The whole treatment experience can bring severe pain to a horse who, of course, cannot understand what is going on in the same way that a human undergoing painful treatment would.

The pain for the horse is the consideration “No. 1, No. 2 and No. 3,” Palmer said.

Laminitis brings “incredible pain,” he said. “They can’t stand on that leg. Now you have a horse with a broken leg and it can’t stand on the second one.”

Horses cannot simply lie down for extended periods to avoid putting weight on their legs. Lying down for more than a few hours will cause muscle damage, restricted blood flow, and pooling of blood in the lungs.

Any elaborate or unusual process to try to repair a severely broken bone can cost thousands of dollars. Few horse owners are willing to spend that kind of money on a painful treatment process that might not work and probably won’t get the horse back on the racetrack. Euthanasia is the unfortunate choice most of the time.

When 2006 Kentucky Derby winner Barbaro broke his leg in the Preakness two weeks later, his owners, Roy and Gretchen Jackson, decided to try to save him.

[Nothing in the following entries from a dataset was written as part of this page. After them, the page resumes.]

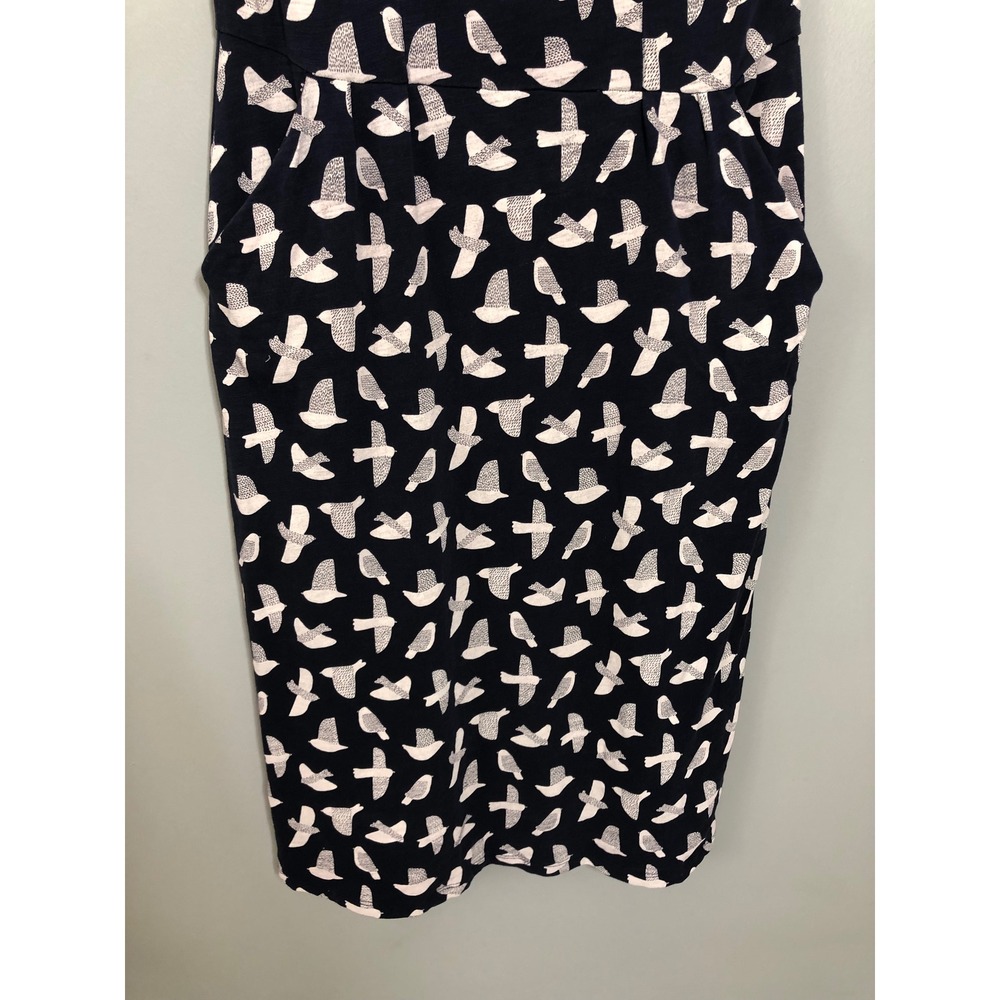 Boden Bird Print Jersey Dress Women 8L Navy Blue Short Sleeve Pockets WW202 - Picture 4 of 10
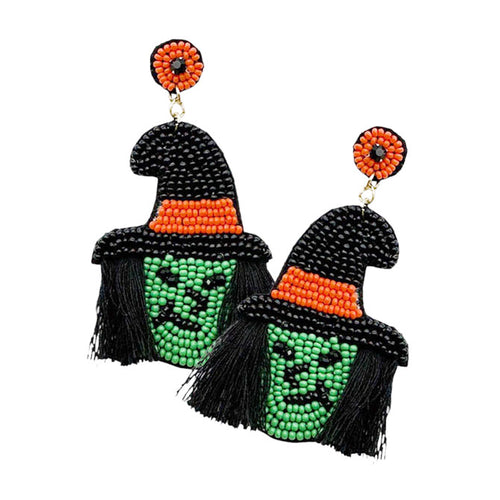 Felt Back Tassel Seed Beaded Witch Dangle Earrings - Green-Neon
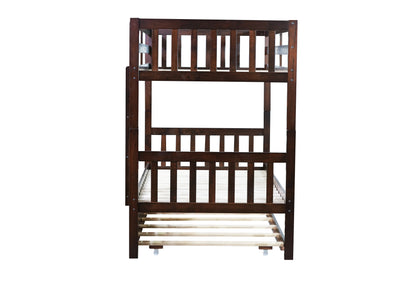 Twin Over Twin Rubber Wood Bunk Bed with Trundle, Convertible into Twin Size Beds, Twin Size Bunk Bed with Ladder and Safety Guardrails,Espresso image 8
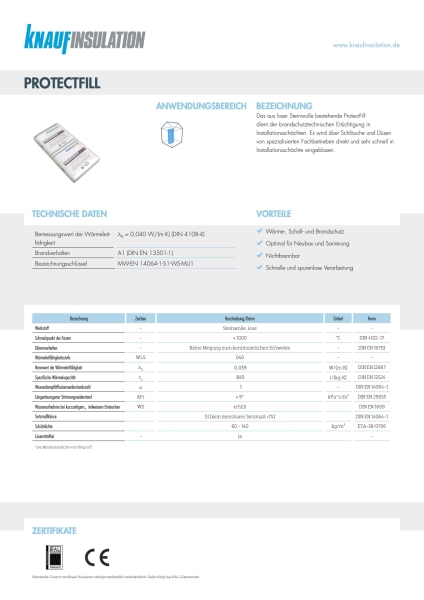 Knauf ProtectFill – aislante insuflado de lana de roca para protección contra incendios, saco de 12,5 kg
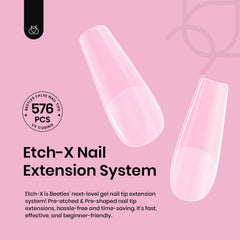 Beetles Etch X half-matte finish nail tips with natural look
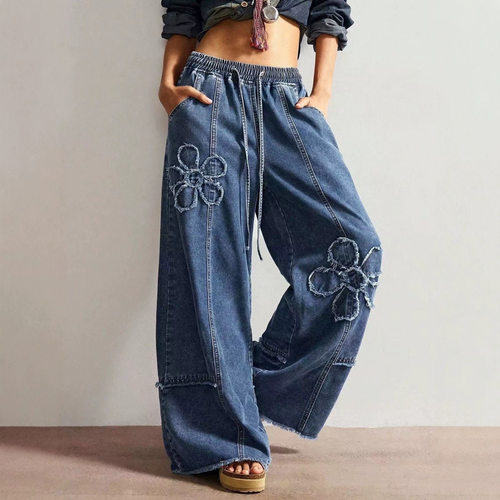 速卖通跨境外贸牛仔裤 美式复古新款花卉拼接拖地长裤women jeans
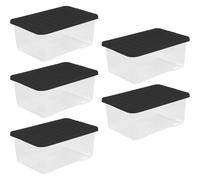 Wham 45 Liter Storage Clear Heavy Duty Plastic Storage Box Boxes With Lids Home Office Stackable Nestable, Set of 5 Large Storage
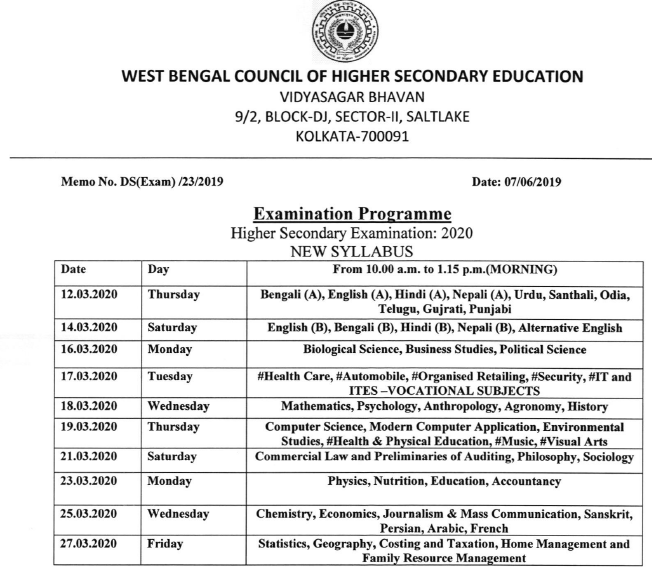 West Bengal HS Routine 2020 WBCHSE 12th Time Table पश्चिम बंगाल एचएस ...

His injury was serious: the leg bone was broken into 20 pieces. She had five hours of surgery to insert 27 pins and a stainless steel plate.

Palmer was on the scene the day of the injury. “I said, ‘The fracture is horrible, but none of the wounds went through the skin. Therefore, I believe that surgery is possible.’ Honestly, I thought it was the best chance he had to survive.”

Two months after his surgery, Barbaro developed laminitis, which required the removal of most of one hoof. He then had a few good months. But the hoof didn’t grow back properly, leading to another procedure. He bruised his foot and further operations followed. Complications led to laminitis in two more extremities, and Barbaro’s distress increased significantly.

“We just got to a point where it was going to be difficult for him to continue without pain,” Roy Jackson said. In the end, the extraordinary efforts extended his life by only eight months.

“From a purely surgical perspective, it was extremely unsatisfactory because it didn’t make it,” Dr. Dean W. Richardson, the surgeon, said at the time. “Professionally, I think we did the best we could.”

The stunning Ruffian filly in 1975 had 12 hours of surgery following a bad break. Upon awakening from her, she began to squirm in her position, causing another rupture and leading to her being euthanized.

If euthanasia is the only option, the horse is sedated and a barbiturate solution is then administered, usually behind a screen to block the view of bystanders.

Advances have been made in recent decades in the treatment of horses, including the development of better antibiotics and the aluminum splint and improvements in the understanding of laminitis.

There have also been improvements in prevention which, given the unusual anatomy of the horse, may be the most promising way forward.

After a series of horse deaths at Aqueduct in 2011 and 2012, Palmer and others made recommendations, including improving the racing surface, changing the claim and bag rules, and strengthening drug regulation. Those have helped the number of racing deaths. get down and stay down.

Palmer is hopeful of Fitbit-like devices: biometric sensors that can detect horses with gaits that could cause injury before those injuries happen. A test at Saratoga Race Course last year was promising, he said.

But the challenge of caring for the horses is likely to remain forever. Palmer said of the difficulties of the surgery: “We have to reattach a broken leg with screws and plates, and they have to be able to stand on it immediately after surgery. That is a huge challenge.”


Sara Marcus
Sara Marcus
Meet Sara Marcus, our newest addition to the Unlisted News team! Sara is a talented author and cultural critic, whose work has appeared in a variety of publications. Sara's writing style is characterized by its incisiveness and thought-provoking nature, and her insightful commentary on music, politics, and social justice is sure to captivate our readers. We are thrilled to have her join our team and look forward to sharing her work with our readers.